START Data records

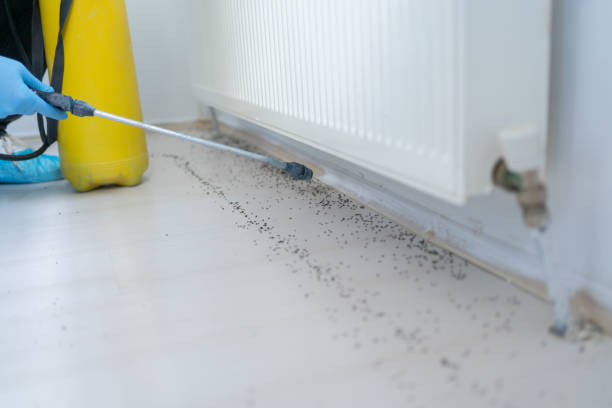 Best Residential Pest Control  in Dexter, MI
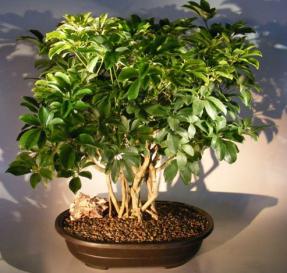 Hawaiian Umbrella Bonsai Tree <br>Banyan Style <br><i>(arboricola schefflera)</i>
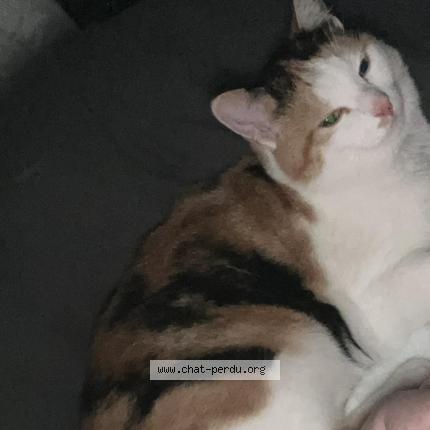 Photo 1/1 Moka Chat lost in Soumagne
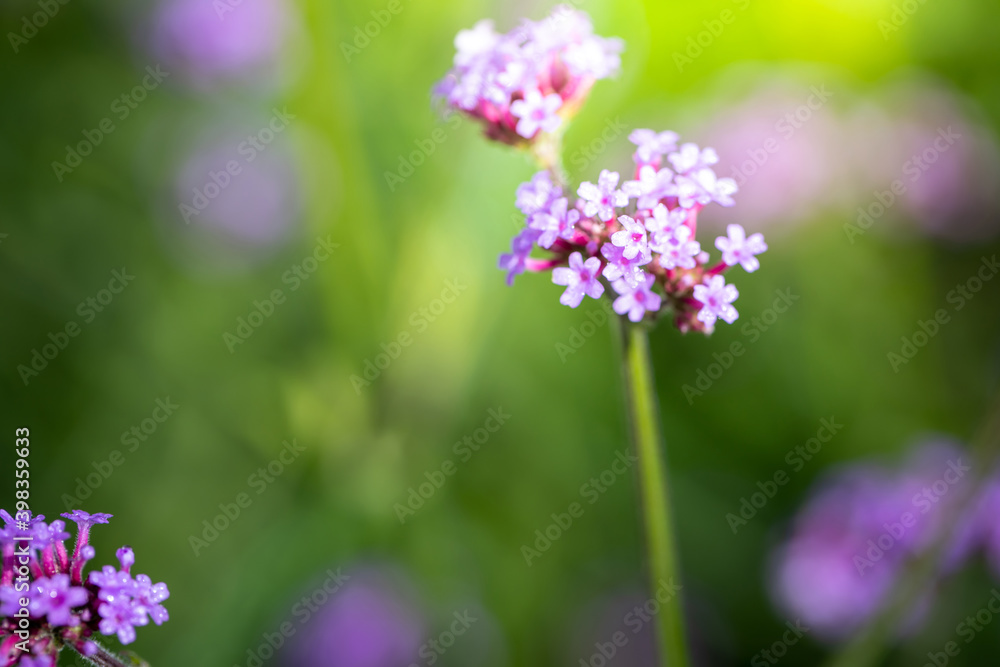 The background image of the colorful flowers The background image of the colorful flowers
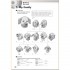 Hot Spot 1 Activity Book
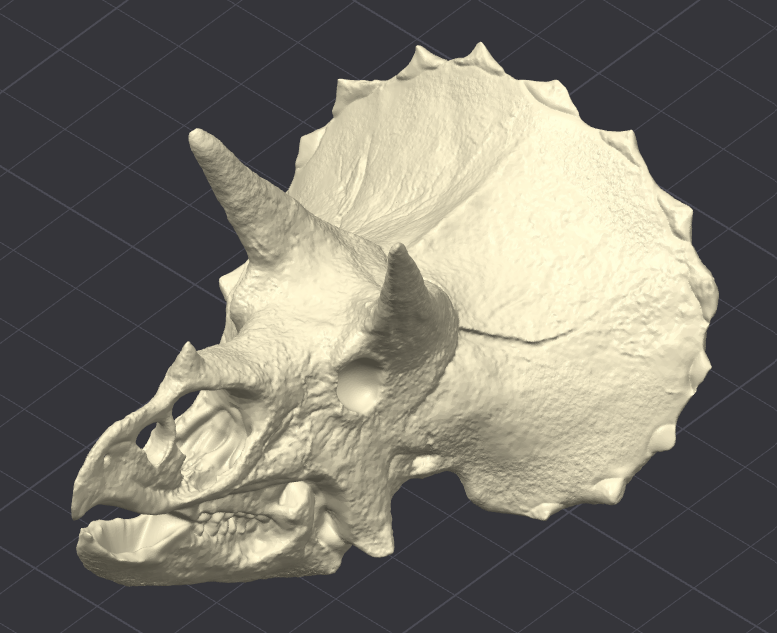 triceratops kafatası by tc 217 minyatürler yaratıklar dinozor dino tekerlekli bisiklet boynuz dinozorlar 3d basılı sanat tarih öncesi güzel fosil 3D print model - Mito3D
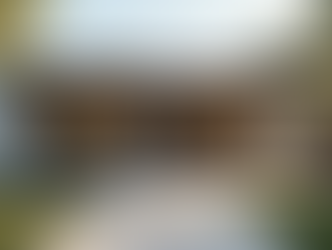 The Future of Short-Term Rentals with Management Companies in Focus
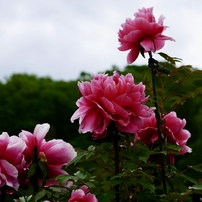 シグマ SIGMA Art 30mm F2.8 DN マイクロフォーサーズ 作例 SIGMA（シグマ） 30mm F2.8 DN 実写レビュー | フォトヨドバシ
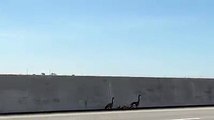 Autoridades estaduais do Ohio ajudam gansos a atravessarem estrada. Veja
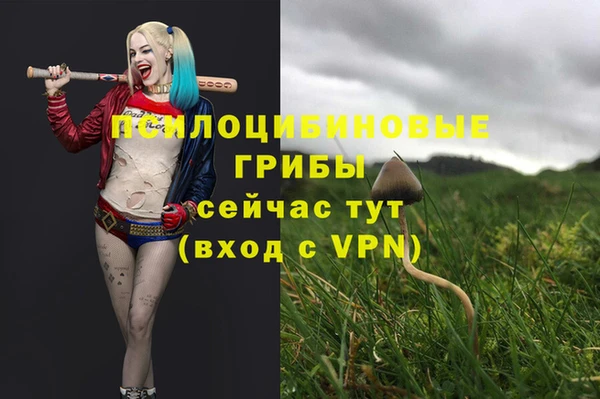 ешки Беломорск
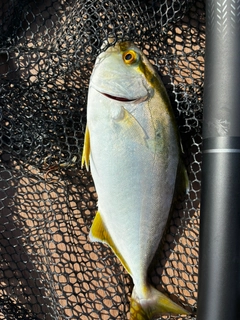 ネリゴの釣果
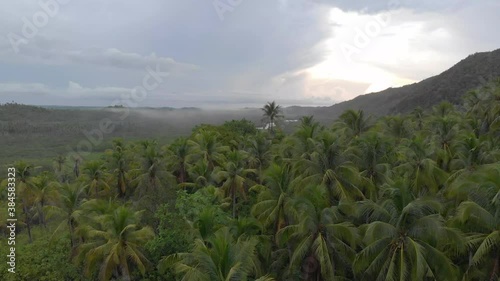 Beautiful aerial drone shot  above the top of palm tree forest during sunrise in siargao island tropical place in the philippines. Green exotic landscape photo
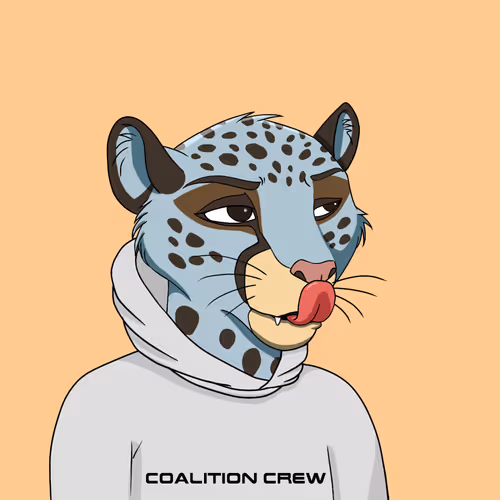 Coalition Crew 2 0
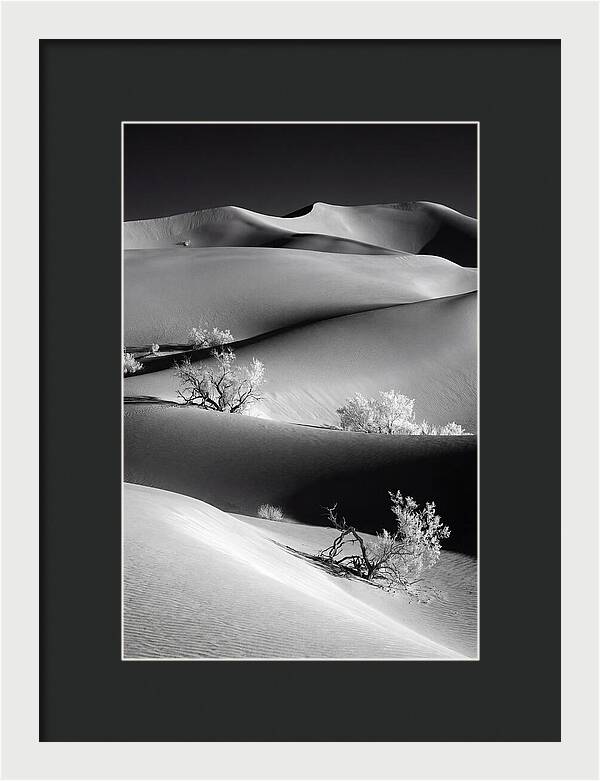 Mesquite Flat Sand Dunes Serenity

END Data records

[What you are asked to do]
Give back the lines from the one containing "Coalition Crew 2 0" through the last line of the records above exactly as they appear, both included, and no pictures.

[Reply]
 Coalition Crew 2 0
 Mesquite Flat Sand Dunes Serenity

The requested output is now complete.